Neural Contrast Expansion for Explainable Structure-Property Prediction and Random Microstructure Design

TL;DR

This paper introduces Neural Contrast Expansion, a cost-effective and explainable model for predicting composite material properties governed by linear PDEs, enabling insightful sensitivity analysis for material design.

Contribution

It proposes a novel NCE architecture that learns surrogate PDE kernels from property data, combining the strengths of contrast expansion with neural networks for microstructure-property prediction.

Findings

NCE accurately predicts properties of composite materials.

NCE provides explainable sensitivity information for material design.

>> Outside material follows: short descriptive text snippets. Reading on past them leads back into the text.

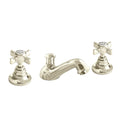 Edwardian 3-Hole Basin Mixer in Brushed Nickel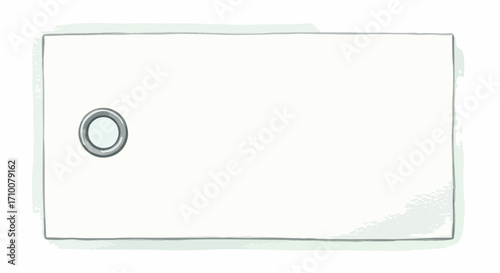Isolated price tag for retail use on white offers a simple design, showcasing label. Isolated price tag with minimalist design, ready for any branding or logo and custom text.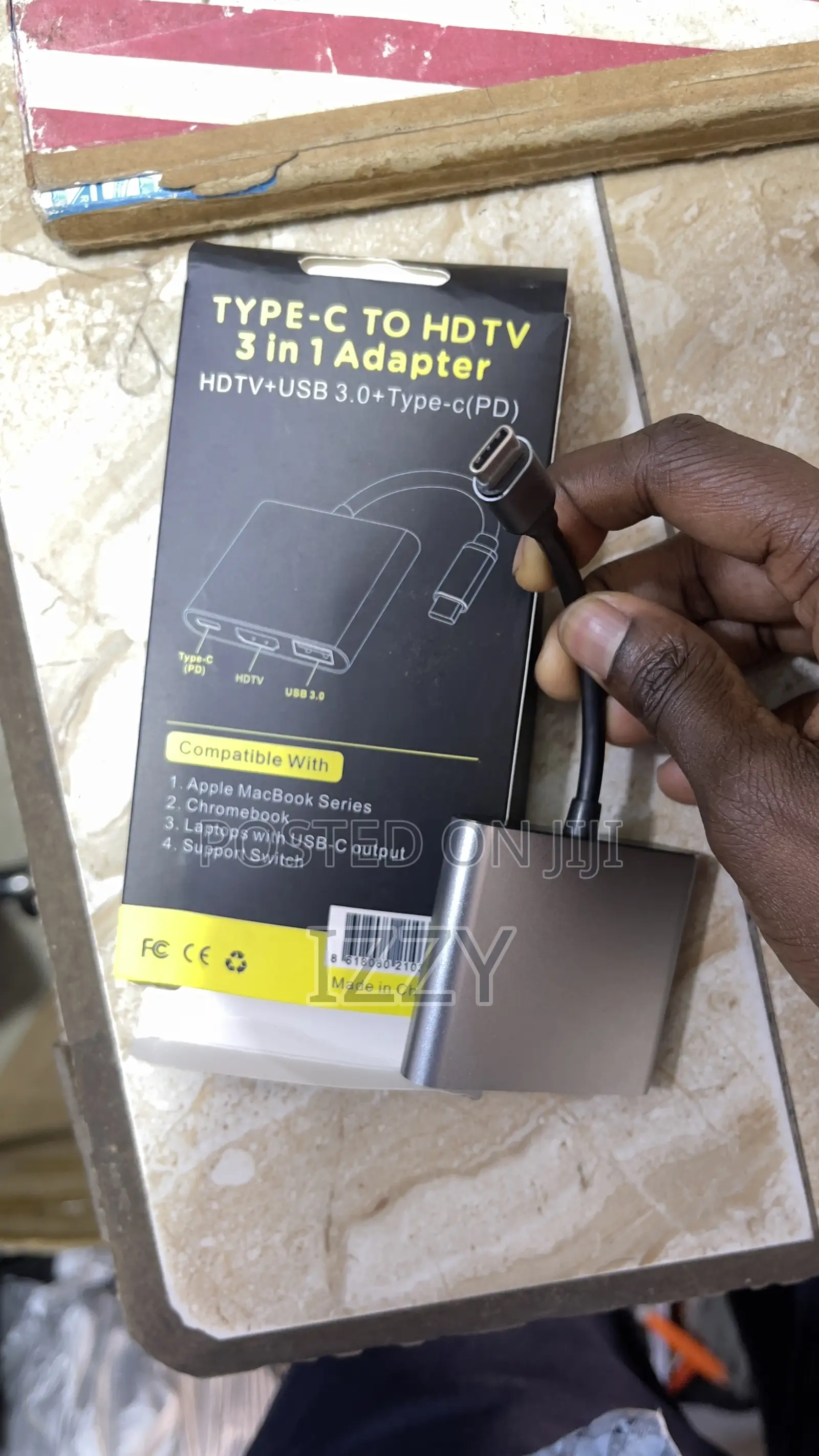 Type-C to Hd Tv 3 in 1 Adapter Hdtv+Usb 3.0+ Type-C(Pd)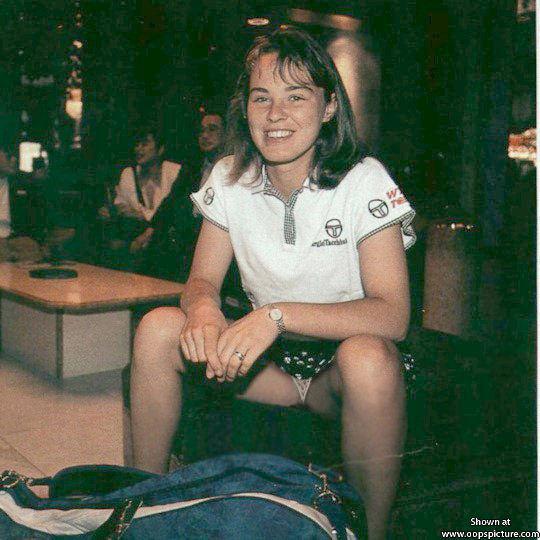 martina hingis shot Upskirt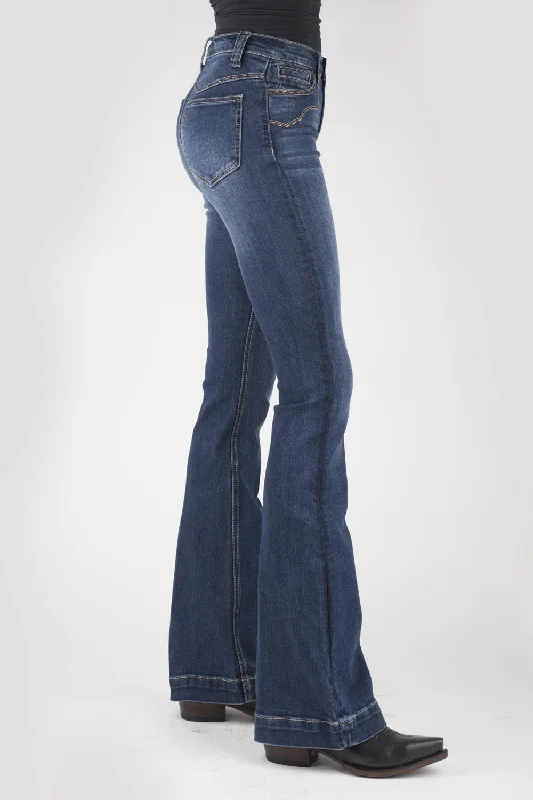 Women's Outerwear Clothing Stetson Womens 921 High Waist Flare Fit Blue Cotton Blend Jeans Women's Outerwear Clothing Stetson Womens 921 High Waist Flare Fit Blue Cotton Blend Jeans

The method outperforms existing PDE kernel learning approaches.

Abstract

Effective properties of composite materials are defined as the ensemble average of property-specific PDE solutions over the underlying microstructure distributions. Traditionally, predicting such properties can be done by solving PDEs derived from microstructure samples or building data-driven models that directly map microstructure samples to properties. The former has a higher running cost, but provides explainable sensitivity information that may guide material design; the latter could be more cost-effective if the data overhead is amortized, but its learned sensitivities are often less explainable. With a focus on properties governed by linear self-adjoint PDEs (e.g., Laplace, Helmholtz, and Maxwell curl-curl) defined on bi-phase microstructures, we propose a structure-property model that is both cost-effective and explainable. Our method is built on top of the strong contrast expansion (SCE) formalism, which analytically maps $N$-point correlations of an unbounded random field to its effective properties. Since real-world material samples have finite sizes and analytical PDE kernels are not always available, we propose Neural Contrast Expansion (NCE), an SCE-inspired architecture to learn surrogate PDE kernels from structure-property data. For static conduction and electromagnetic wave propagation cases, we show that NCE models reveal accurate and insightful sensitivity information useful for material design. Compared with other PDE kernel learning methods, our method does not require measurements about the PDE solution fields, but rather only requires macroscopic property measurements that are more accessible in material development contexts.